Dans un premier temps, la Cour de cassation avait affirmé que de telles prescriptions pouvaient être invoquées par les tiers dans leurs rapports entre eux (Cass. civ. 7 janvier 1920, DP 1924, I, 63). Toutefois, elle a, depuis, considéré que ces formalités ont été instaurées dans le seul intérêt de l'Administration et que le débiteur saisi n'était donc pas fondé à s'en prévaloir (Cass. civ. 2ème, 21 avril 1982, G.P. 1982, Pan. 310).

Cette dernière jurisprudence reste applicable sous l'empire des nouveaux textes.

4° Particularité du visa porté par le comptable public sur l'original de l'acte de saisie.

171.Le comptable public assignataire doit viser l'original de l'acte (art. 5, 1er al. du décret du 31 juillet 1993). La signification doit être faite au comptable compétent en son bureau.

L'original de l'acte doit rester déposé jusqu'au lendemain au bureau où la saisie a été effectuée ; le visa qui y est apposé est daté de ce dernier jour.

Il est admis que le comptable peut déléguer cette fonction à tout agent de son service habilité à cet effet, sous réserve du respect des règles relatives à la délégation de signature. Toutefois, le nouveau texte ne prévoit plus, comme c'était le cas auparavant, qu'en cas de refus le visa peut être apposé par le procureur de la république (cf. art. 561 ancien du Code de procédure civile).

Il faut noter que l'exigence du visa n'est pas expressément prescrite à peine de nullité.

172. Remarque :

Le Conseil d'Etat a dénié au comptable public tout pouvoir d'appréciation sur la validité d'un acte de saisie et ce quels qu'en soient les motifs, de fond ou de forme (CE 15 octobre 1969, req. n° 75.010). Dès lors, le comptable public qui refuserait de viser l'original de l'acte commettrait une faute de nature à engager sa responsabilité.

Cette neutralité exonère le comptable tiers saisi de toute responsabilité quant à l'irrégularité éventuelle de la procédure d'exécution engagée.

A cet égard, un juge de l'exécution a pu affirmer que « le tiers saisi, qui ne saurait être tenu d'imposer, de lui-même, aux parties, les règles de saisissabilité applicables en l'espèce, sera déchargé de toute responsabilité » (TGI MARSEILLE, 3 août 1995, inédit). En l'espèce, il s'agissait de la mise en cause d'un trésorier-payeur général qui avait effectué le versement d'une pension de retraite au profit d'un créancier saisissant à la suite d'une saisie-attribution qui n'avait jamais fait l'objet d'une contestation dans les délais requis de la part du débiteur, alors que cette pension était légalement insaisissable (art. L 56 du Code des pensions).
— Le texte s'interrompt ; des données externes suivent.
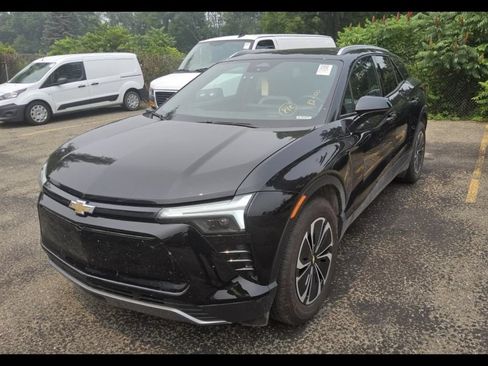 Used 2024 Chevrolet Blazer EV LT AWD/4WD image 3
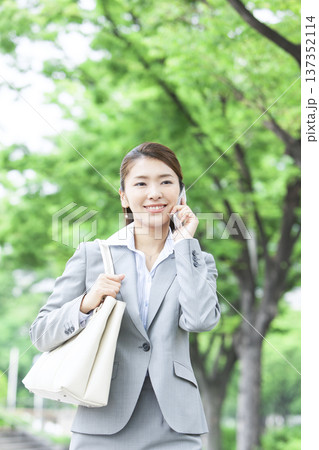 スマートフォンで電話するビジネスウーマン 137352114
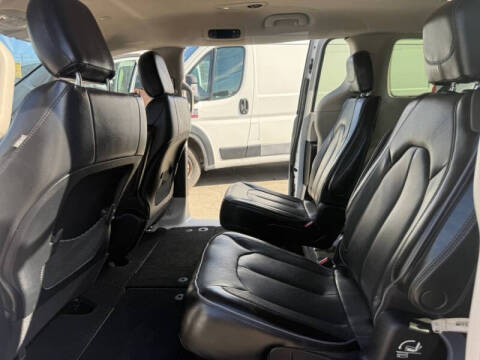2020 Chrysler Pacifica Touring L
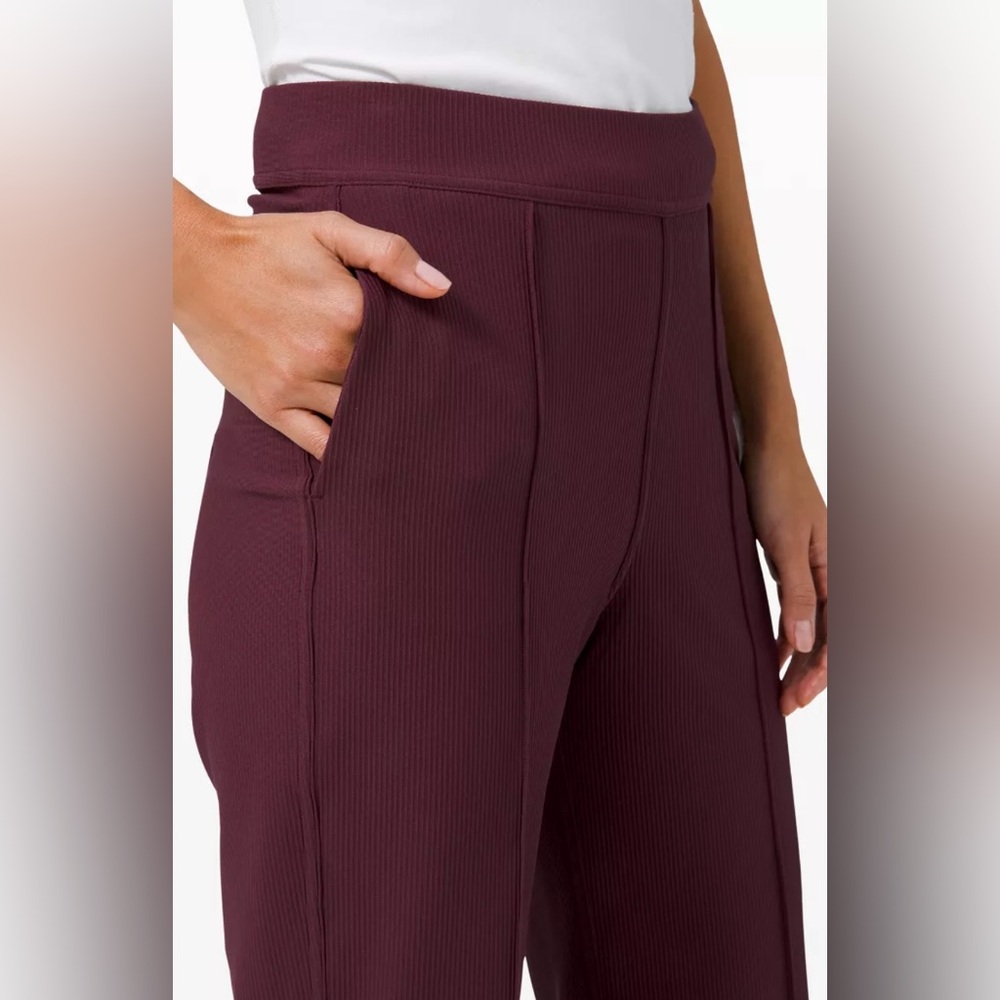 Lululemon Urban Strides  High-Rise Pant 25" - Picture 2 of 8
b. La procédure de saisie-attribution.

173.La procédure de saisie entre les mains d'un comptable public obéit aux règles de droit commun (cf. supra n°s 27 et s. ). Le comptable public est seulement tenu d'une obligation de renseignement à l'égard du saisissant, comme pour la procédure de droit commun.

1° Obligation d'informer le créancier saisissant et l'huissier.

174. Par dérogation à l'article 59 du décret du 31 juillet 1992 qui exige une communication « sur le champ » par le tiers saisi, l'article 5 al. 2 du décret du 31 juillet 1993 prévoit que le comptable public assignataire de la dépense dispose d'un délai de vingt quatre heures pour fournir à l'huissier de justice les renseignements prévus à l'article 44 de la loi du 9 juillet 1991 (l'étendue des obligations du tiers saisi envers le saisi) et pour lui communiquer les pièces justificatives. Si d'autres saisies ou des oppositions ont été effectuées antérieurement, il doit donner les précisions les concernant. Un certificat contenant tous ces renseignements doit être remis à l'huissier, même si le décret de 1993 ne le vise plus.

175. NOTA : Il semble qu'il ne soit pas possible d'opposer à l'huissier le secret professionnel prévu à l'article 26 de la loi du 13 juillet 1983 relative au statut de la fonction publique d'Etat. La Cour de cassation a déjà considéré que le secret professionnel n'était pas un motif légitime pour refuser de communiquer les renseignements nécessaires à l'huissier pour procéder à l'exécution forcée d'une décision de justice (Cass. civ. 1ère, 30 juin 1992, Ministre délégué des PTT c/X... , JCP 1993, 22001).

176.Tout manquement aux obligations du comptable public tiers saisi doit être signalé au Service central (Bureau R 2).